→ **ABOUT THIS TASK**
Among the entries below, one line contains "Aranan Şahıs Yol Kontrolünde Yakalandı" and another contains "Building Photo - 384 Glenerie Blvd". Transcribe those two lines and every line between them, exactly.

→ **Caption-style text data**

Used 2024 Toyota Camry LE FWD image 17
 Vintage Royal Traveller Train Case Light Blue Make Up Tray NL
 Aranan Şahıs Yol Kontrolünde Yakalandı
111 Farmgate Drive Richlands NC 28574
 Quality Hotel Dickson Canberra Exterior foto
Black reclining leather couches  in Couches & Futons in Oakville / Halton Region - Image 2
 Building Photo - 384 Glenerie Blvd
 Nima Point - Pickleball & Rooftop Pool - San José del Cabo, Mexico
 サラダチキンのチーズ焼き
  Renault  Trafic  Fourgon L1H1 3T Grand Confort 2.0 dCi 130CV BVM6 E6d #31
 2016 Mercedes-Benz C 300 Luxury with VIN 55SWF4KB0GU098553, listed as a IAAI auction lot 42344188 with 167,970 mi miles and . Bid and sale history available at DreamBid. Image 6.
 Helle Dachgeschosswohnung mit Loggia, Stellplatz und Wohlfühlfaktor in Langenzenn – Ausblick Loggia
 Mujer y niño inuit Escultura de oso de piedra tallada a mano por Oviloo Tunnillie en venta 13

→ **SOLUTION TO THIS EXERCISE**
 Aranan Şahıs Yol Kontrolünde Yakalandı
111 Farmgate Drive Richlands NC 28574
 Quality Hotel Dickson Canberra Exterior foto
Black reclining leather couches  in Couches & Futons in Oakville / Halton Region - Image 2
 Building Photo - 384 Glenerie Blvd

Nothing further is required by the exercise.